The Semi-random Likelihood of Doctrinal Paradoxes

Authors: Ao Liu, Lirong Xia5124-5132

AAAI 2022 | Conference PDF | Archive PDF | Plain Text | LLM Run Details

Reproducibility Variable Result LLM Response
Research Type Experimental Experiments on synthetic data in the next Section confirm our theoretical results. We conduct numerical experiments to verify the results in Theorem 1.
Researcher Affiliation Academia Ao Liu and Lirong Xia Department of Computer Science, Rensselaer Polytechnic Institute 110 8th St, Troy, NY 12180, USA liua6@rpi.edu, xial@cs.rpi.edu
Pseudocode No The paper discusses proof techniques but does not include any pseudocode or clearly labeled algorithm blocks.
Open Source Code No The paper does not provide any statement or link indicating that the source code for the described methodology is publicly available.
Open Datasets No The paper mentions "synthetic data" but does not provide any specific access information (link, DOI, citation) for a publicly available dataset used for training.
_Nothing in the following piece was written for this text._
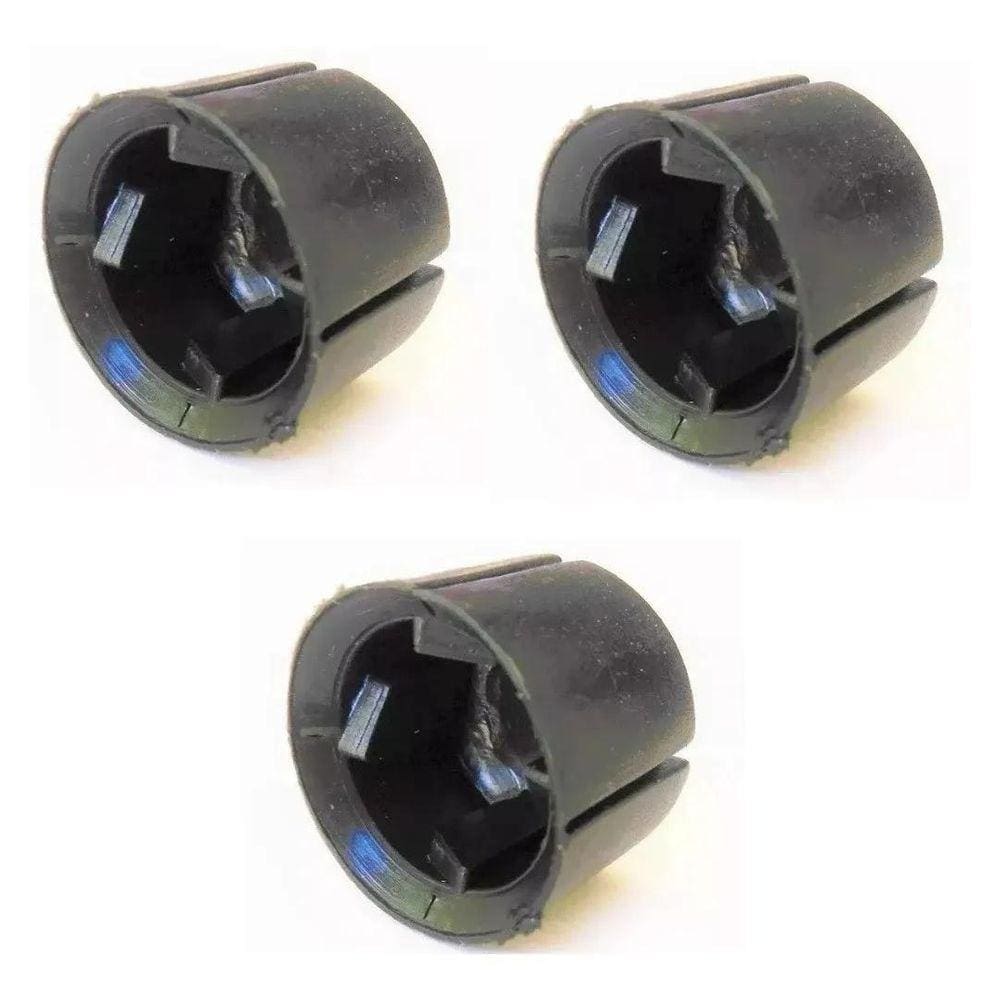 Arrastador Liquidificador Arno Magiclean Borracha Com 10 Pcs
Dataset Splits No The paper mentions conducting "numerical experiments" on "synthetic data" but does not provide specific details about training, validation, or test dataset splits.
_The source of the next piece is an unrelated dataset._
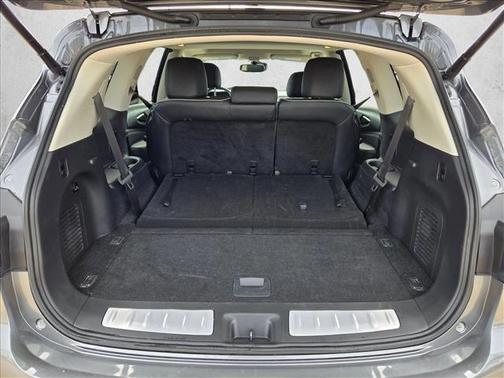 2019 INFINITI QX60 Pure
Hardware Specification No The paper does not provide any specific hardware details (e.g., GPU/CPU models, processor types, memory amounts) used for running its experiments.
Software Dependencies No The paper does not provide specific ancillary software details, such as library or solver names with version numbers, needed to replicate the experiment.
Experiment Setup No The paper mentions "numerical experiments" but does not provide specific experimental setup details such as hyperparameter values, training configurations, or system-level settings.